- **DIRECTIONS**
Your job is to set down the stretch of entries that opens with the line containing "Vintage sterling silver" and closes with the line containing "Eine gefaltete Schale". Keep both end lines, copy each exactly, and add nothing.

- **PROVIDED RECORDS**
• • • • •

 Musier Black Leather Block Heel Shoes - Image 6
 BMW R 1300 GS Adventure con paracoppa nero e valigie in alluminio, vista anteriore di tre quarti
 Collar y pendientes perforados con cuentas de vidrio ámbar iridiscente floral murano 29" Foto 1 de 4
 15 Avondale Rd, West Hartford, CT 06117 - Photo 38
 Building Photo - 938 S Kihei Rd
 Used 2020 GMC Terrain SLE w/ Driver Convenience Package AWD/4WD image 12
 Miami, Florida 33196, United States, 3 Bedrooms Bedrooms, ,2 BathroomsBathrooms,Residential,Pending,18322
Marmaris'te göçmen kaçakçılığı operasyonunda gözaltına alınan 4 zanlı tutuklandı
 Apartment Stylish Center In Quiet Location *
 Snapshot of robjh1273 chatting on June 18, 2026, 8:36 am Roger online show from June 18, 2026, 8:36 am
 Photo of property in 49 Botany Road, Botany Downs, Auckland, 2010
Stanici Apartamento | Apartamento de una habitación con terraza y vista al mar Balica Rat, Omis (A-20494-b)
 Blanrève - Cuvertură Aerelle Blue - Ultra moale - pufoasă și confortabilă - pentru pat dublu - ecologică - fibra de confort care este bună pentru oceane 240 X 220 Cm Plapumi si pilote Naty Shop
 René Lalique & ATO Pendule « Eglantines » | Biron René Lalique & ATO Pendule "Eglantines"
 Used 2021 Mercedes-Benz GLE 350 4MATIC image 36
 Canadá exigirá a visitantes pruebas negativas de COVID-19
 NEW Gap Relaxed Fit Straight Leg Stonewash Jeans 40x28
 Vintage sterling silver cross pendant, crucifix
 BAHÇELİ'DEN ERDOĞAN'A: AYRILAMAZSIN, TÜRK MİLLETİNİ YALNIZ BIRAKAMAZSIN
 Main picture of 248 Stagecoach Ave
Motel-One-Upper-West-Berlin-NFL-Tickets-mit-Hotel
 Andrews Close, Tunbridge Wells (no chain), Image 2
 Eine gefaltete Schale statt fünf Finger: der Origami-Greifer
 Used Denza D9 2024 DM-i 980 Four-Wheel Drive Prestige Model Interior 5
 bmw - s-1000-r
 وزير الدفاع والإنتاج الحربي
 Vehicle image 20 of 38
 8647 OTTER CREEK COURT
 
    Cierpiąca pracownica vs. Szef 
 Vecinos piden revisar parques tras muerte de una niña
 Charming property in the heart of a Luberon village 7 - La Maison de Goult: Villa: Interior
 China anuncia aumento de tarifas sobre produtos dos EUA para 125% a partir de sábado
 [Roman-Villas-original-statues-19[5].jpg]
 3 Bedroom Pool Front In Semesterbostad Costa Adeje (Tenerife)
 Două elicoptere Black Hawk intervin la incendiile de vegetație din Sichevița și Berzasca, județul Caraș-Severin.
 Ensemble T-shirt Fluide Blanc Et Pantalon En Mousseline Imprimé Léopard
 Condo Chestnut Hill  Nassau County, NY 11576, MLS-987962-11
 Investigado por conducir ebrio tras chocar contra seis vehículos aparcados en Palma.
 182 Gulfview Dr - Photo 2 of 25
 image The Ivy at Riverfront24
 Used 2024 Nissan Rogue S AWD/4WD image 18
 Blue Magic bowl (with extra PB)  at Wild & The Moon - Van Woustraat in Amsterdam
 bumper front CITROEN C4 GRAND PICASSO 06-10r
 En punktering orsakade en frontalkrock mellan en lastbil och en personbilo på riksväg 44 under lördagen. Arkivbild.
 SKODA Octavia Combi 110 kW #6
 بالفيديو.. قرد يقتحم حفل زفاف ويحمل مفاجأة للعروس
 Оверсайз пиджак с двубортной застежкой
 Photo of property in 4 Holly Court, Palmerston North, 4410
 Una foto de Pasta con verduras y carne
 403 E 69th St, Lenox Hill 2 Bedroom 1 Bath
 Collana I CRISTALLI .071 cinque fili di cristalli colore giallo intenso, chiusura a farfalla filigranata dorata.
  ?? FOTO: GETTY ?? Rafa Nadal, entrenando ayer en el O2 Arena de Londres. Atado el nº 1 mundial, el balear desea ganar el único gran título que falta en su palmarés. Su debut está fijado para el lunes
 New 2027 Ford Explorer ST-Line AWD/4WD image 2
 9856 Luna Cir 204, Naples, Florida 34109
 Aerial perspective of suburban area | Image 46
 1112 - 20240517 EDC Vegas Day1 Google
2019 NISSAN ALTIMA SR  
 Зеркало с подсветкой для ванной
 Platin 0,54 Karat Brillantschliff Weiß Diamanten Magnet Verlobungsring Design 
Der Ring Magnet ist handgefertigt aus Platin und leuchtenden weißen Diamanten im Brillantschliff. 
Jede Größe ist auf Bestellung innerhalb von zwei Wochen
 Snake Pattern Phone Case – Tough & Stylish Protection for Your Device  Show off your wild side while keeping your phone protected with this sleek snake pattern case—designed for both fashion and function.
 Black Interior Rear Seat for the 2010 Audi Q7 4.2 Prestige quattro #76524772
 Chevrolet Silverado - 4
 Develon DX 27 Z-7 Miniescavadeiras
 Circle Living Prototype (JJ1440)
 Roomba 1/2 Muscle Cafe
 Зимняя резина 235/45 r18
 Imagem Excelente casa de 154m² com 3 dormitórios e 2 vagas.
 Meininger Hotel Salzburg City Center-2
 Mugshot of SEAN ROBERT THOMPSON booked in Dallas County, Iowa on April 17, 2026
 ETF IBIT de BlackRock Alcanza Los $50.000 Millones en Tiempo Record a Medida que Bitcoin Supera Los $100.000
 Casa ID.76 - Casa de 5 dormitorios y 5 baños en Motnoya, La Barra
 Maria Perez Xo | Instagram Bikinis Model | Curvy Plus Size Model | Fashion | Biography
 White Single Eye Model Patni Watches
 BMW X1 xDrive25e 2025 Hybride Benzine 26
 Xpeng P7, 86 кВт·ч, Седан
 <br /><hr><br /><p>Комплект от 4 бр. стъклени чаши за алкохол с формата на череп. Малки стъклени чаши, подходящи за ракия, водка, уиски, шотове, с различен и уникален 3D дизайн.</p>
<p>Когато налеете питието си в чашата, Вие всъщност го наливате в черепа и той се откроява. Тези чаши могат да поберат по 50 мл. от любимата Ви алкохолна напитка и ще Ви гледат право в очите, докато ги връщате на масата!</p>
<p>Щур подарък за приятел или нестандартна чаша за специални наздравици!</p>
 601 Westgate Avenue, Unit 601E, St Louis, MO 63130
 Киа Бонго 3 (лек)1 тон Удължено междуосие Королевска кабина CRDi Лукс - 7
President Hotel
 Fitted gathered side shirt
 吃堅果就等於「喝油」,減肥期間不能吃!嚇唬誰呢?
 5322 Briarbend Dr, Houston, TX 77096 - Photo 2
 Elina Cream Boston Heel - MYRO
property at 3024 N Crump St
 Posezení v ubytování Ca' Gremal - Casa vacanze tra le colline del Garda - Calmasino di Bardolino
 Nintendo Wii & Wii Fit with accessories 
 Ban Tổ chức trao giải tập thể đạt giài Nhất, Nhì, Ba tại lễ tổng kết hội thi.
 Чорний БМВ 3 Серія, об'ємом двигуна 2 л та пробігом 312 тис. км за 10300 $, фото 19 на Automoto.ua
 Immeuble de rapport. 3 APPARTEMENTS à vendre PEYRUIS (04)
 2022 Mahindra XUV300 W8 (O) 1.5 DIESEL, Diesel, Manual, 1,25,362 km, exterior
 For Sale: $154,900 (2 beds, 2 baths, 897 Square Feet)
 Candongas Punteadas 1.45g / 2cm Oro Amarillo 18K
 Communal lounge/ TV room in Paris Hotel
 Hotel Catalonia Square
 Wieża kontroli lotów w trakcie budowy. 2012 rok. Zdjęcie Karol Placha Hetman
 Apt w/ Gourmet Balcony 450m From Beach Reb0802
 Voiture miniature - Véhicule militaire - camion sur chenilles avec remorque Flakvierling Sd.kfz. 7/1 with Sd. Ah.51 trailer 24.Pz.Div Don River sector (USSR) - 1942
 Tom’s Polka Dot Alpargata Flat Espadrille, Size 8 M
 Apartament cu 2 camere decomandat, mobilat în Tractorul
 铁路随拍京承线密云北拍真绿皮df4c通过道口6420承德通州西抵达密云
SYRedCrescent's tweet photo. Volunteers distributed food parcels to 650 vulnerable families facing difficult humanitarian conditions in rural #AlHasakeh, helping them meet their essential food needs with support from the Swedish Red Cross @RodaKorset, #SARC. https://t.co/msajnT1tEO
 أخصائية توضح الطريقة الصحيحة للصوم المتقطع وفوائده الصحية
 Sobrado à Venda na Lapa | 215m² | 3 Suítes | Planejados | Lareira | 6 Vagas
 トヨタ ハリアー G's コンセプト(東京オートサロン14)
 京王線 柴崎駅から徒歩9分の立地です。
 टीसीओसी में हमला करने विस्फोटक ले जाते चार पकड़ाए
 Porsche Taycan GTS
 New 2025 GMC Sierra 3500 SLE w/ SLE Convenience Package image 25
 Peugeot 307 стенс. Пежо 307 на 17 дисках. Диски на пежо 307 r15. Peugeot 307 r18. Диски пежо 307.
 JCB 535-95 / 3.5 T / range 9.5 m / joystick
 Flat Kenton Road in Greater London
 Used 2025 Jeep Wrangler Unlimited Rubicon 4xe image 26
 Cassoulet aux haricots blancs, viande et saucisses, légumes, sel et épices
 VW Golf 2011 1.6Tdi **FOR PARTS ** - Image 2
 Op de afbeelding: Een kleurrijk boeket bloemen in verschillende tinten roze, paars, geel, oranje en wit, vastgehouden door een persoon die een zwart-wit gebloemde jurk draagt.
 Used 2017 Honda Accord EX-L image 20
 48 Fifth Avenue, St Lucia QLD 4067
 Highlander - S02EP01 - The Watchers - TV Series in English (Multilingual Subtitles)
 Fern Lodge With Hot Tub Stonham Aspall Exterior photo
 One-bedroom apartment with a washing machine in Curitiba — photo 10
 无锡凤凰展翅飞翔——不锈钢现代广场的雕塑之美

• • • • •

- **OUTPUT FOR THIS TASK**
 Vintage sterling silver cross pendant, crucifix
 BAHÇELİ'DEN ERDOĞAN'A: AYRILAMAZSIN, TÜRK MİLLETİNİ YALNIZ BIRAKAMAZSIN
 Main picture of 248 Stagecoach Ave
Motel-One-Upper-West-Berlin-NFL-Tickets-mit-Hotel
 Andrews Close, Tunbridge Wells (no chain), Image 2
 Eine gefaltete Schale statt fünf Finger: der Origami-Greifer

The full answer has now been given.